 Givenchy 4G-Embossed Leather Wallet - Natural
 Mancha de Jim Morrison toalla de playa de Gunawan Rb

--

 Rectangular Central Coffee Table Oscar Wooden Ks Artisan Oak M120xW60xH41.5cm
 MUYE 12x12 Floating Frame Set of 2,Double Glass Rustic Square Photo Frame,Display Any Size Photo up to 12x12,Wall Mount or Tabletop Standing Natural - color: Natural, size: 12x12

YOUR OBJECTIVE
Since only part of the listing is wanted, copy exactly the lines from the one holding "Givenchy 4G-Embossed Leather" to the one holding "Mancha de Jim", both included.

EXERCISE ANSWER
 Givenchy 4G-Embossed Leather Wallet - Natural
 Mancha de Jim Morrison toalla de playa de Gunawan Rb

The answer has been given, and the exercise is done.